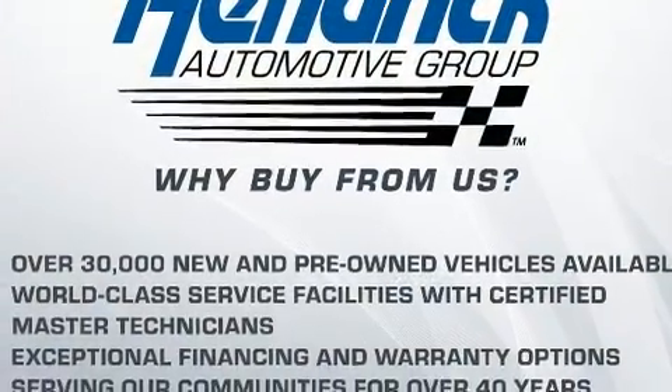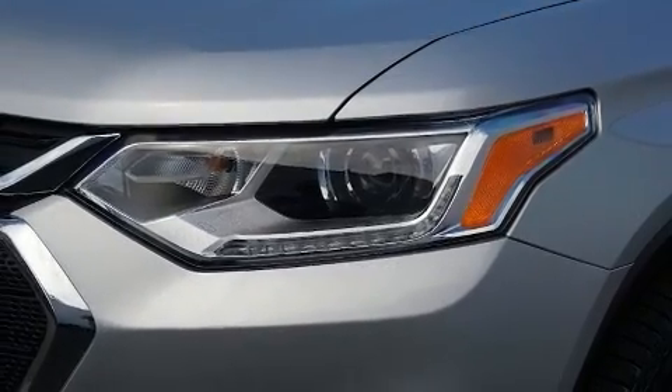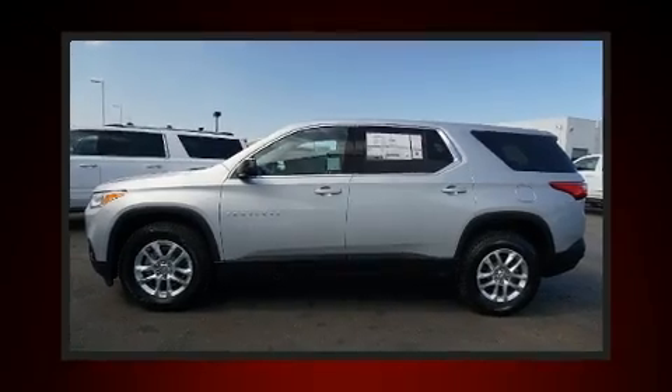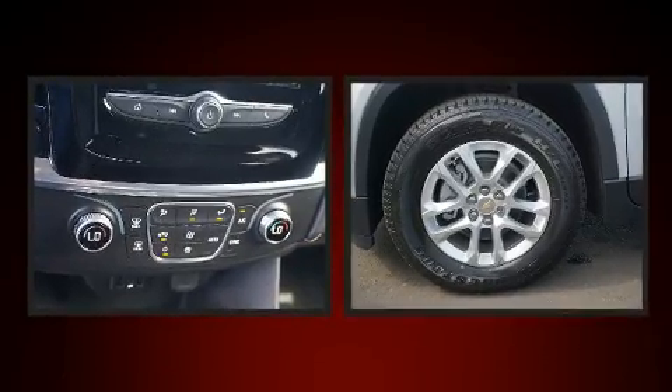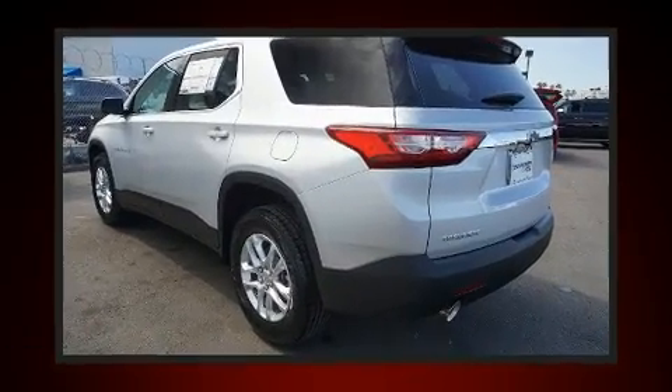Top features include a split folding rear seat, front and rear reading lights, high-intensity discharge headlights, heated door mirrors, and air conditioning. Third row seats provide an even greater maximum passenger capacity.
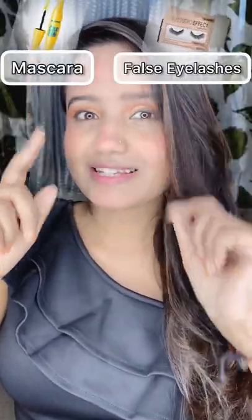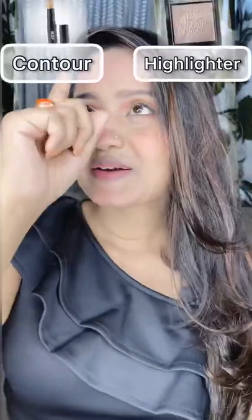Mascara and false lashes — obviously mascara. This is my plain mascara. Contour and highlighter — highlighter, because I like highlighter.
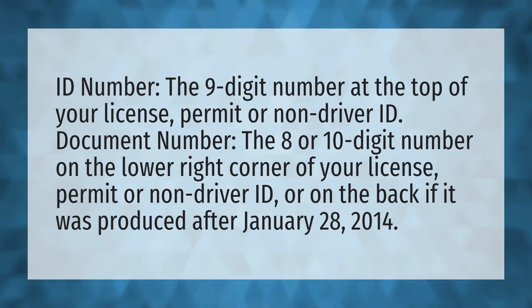Document number: the eight or ten-digit number on the lower right corner of your license, permit, or non-driver ID — or on the back if it was produced after January 28, 2014.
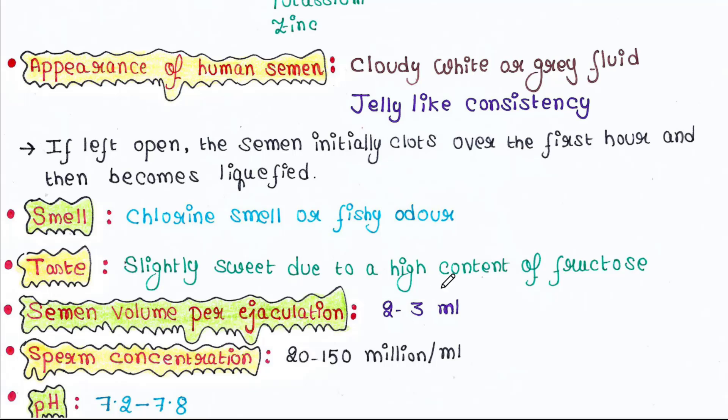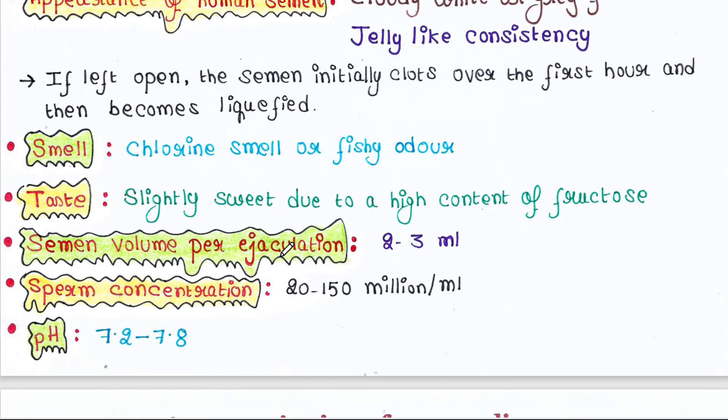Semen volume per ejaculation is 2–3 ml. Sperm concentration is 20–150 million per ml of semen. The pH of semen is 7.2–7.8.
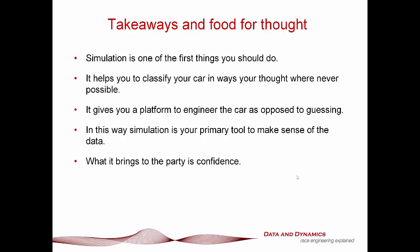Some takeaways and food for thought. Simulation needs to be one of the first things you do because it helps you classify your cars in ways you never thought possible. Nothing — and I mean nothing — will help you classify what your car is going to do like simulation can. And I know some people will be watching this going, yeah, but this simulation stuff is all really transparent. Well, it's going to be completely transparent with the stuff you're going to do anyway, so why wouldn't you make good use of it? It also gives you a platform to engineer the car as opposed to guessing — and simulation is your primary tool to make sense of the data. I cannot ram that point home enough.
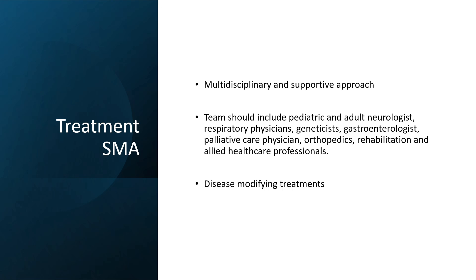Good morning. Today we will briefly discuss the upcoming treatments for the condition called spinal muscular atrophy. As you all know, spinal muscular atrophy requires a multidisciplinary and supportive approach.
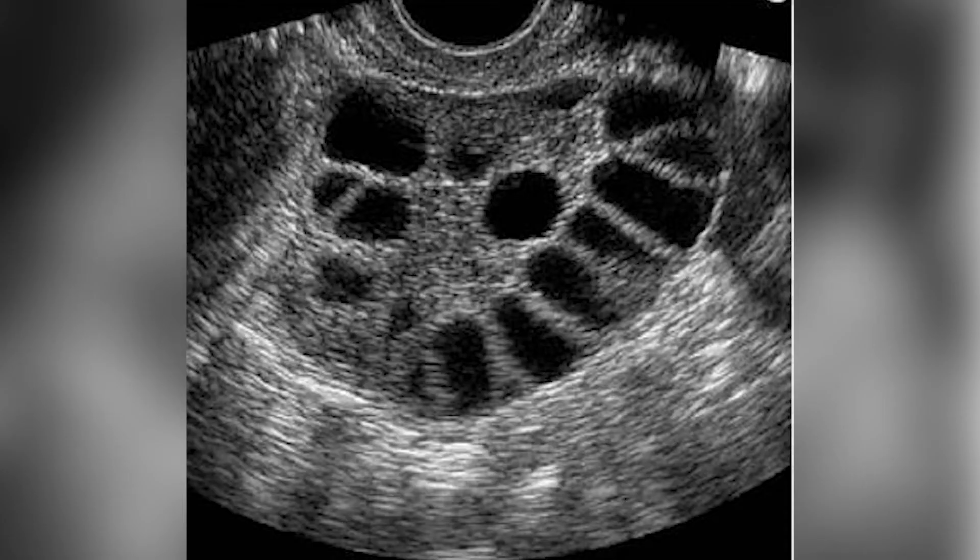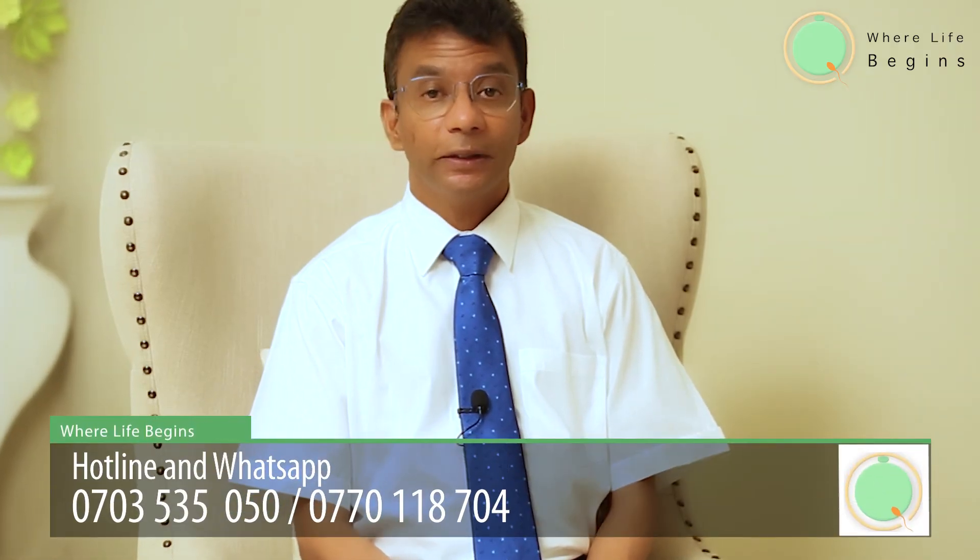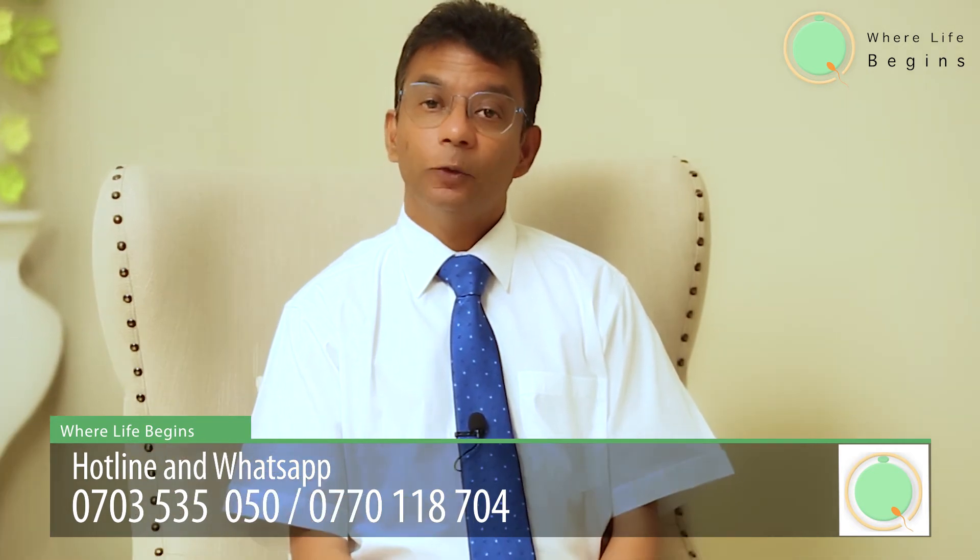From the scan we can see a follicle in the ovary. If the diameter of the follicle is more than 18 millimeters, we assume there is a mature egg, then we trigger with the HCG injection and tell her to have intercourse with her husband during the next two, three, or four days. With that, they could become pregnant and we can check the pregnancy at the end of the month.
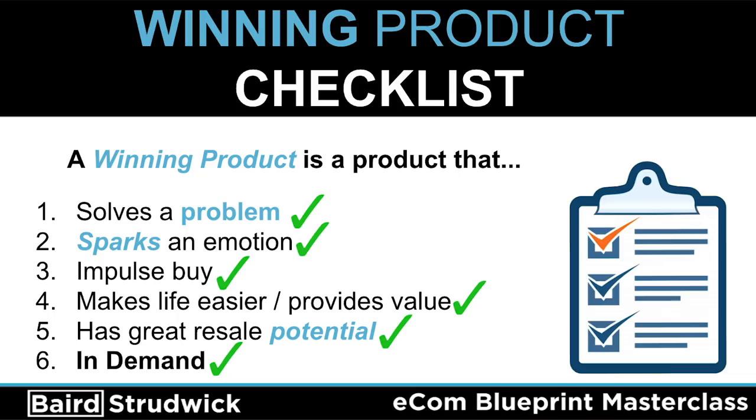Before we begin looking at the winning products I've selected, I want to go over a quick winning product checklist. A winning product is one that: one, solves a problem; two, sparks an emotion; three, is an impulse buy; four, makes life easier and provides value; five, has great resale potential; and six, is a product that is in demand. I'll go over all of these after I list them.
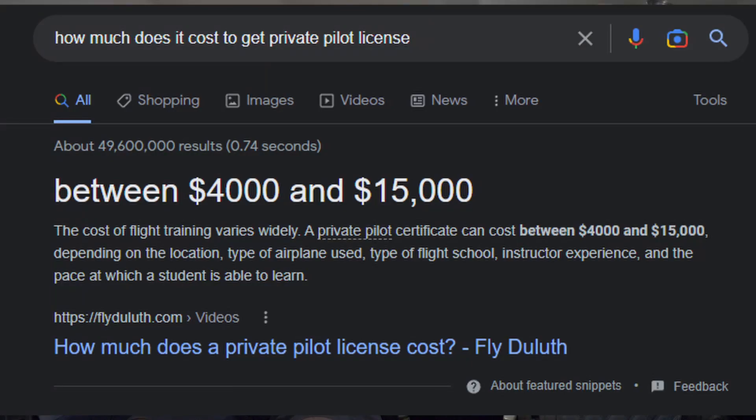We're gonna do this video on how much it costs to get your private pilot's license and your instrument rating, and I'm gonna do this based on flying a Cessna. When you look online or when you start looking for how much it costs to get your private pilot's license, the stuff people quote you is crazy. It's so low and it's just not real — it's not the truth.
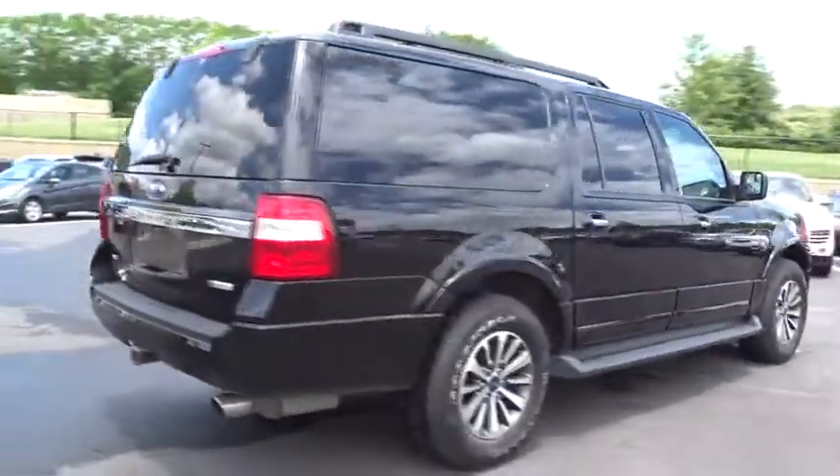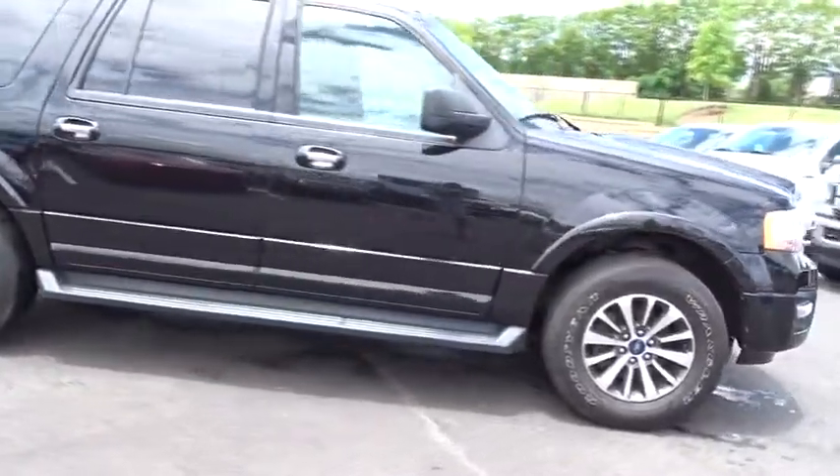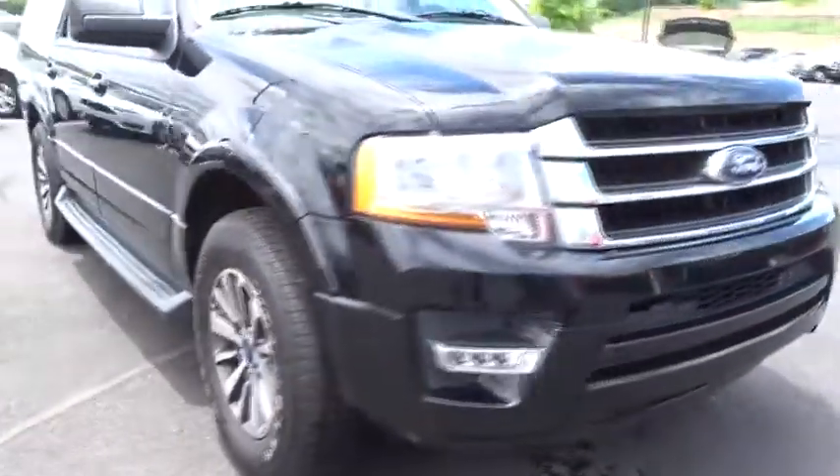aggressive looks, and outstanding towing capabilities. This vehicle has less than 55,000 miles. Here are some of this vehicle's great options.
###
▶ [Aim of the task] Exclude the pictures and print the rest of the data exactly.

▶ [Answer to this exercise]
Top features include a split folding rear seat, front and rear reading lights, high-intensity discharge headlights, heated door mirrors, and air conditioning. Third row seats provide an even greater maximum passenger capacity.
Mascara and false lashes — obviously mascara. This is my plain mascara. Contour and highlighter — highlighter, because I like highlighter.
Document number: the eight or ten-digit number on the lower right corner of your license, permit, or non-driver ID — or on the back if it was produced after January 28, 2014.
Semen volume per ejaculation is 2–3 ml. Sperm concentration is 20–150 million per ml of semen. The pH of semen is 7.2–7.8.
Some takeaways and food for thought. Simulation needs to be one of the first things you do because it helps you classify your cars in ways you never thought possible. Nothing — and I mean nothing — will help you classify what your car is going to do like simulation can. And I know some people will be watching this going, yeah, but this simulation stuff is all really transparent. Well, it's going to be completely transparent with the stuff you're going to do anyway, so why wouldn't you make good use of it? It also gives you a platform to engineer the car as opposed to guessing — and simulation is your primary tool to make sense of the data. I cannot ram that point home enough.
Good morning. Today we will briefly discuss the upcoming treatments for the condition called spinal muscular atrophy. As you all know, spinal muscular atrophy requires a multidisciplinary and supportive approach.
From the scan we can see a follicle in the ovary. If the diameter of the follicle is more than 18 millimeters, we assume there is a mature egg, then we trigger with the HCG injection and tell her to have intercourse with her husband during the next two, three, or four days. With that, they could become pregnant and we can check the pregnancy at the end of the month.
Before we begin looking at the winning products I've selected, I want to go over a quick winning product checklist. A winning product is one that: one, solves a problem; two, sparks an emotion; three, is an impulse buy; four, makes life easier and provides value; five, has great resale potential; and six, is a product that is in demand. I'll go over all of these after I list them.
We're gonna do this video on how much it costs to get your private pilot's license and your instrument rating, and I'm gonna do this based on flying a Cessna. When you look online or when you start looking for how much it costs to get your private pilot's license, the stuff people quote you is crazy. It's so low and it's just not real — it's not the truth.
aggressive looks, and outstanding towing capabilities. This vehicle has less than 55,000 miles. Here are some of this vehicle's great options.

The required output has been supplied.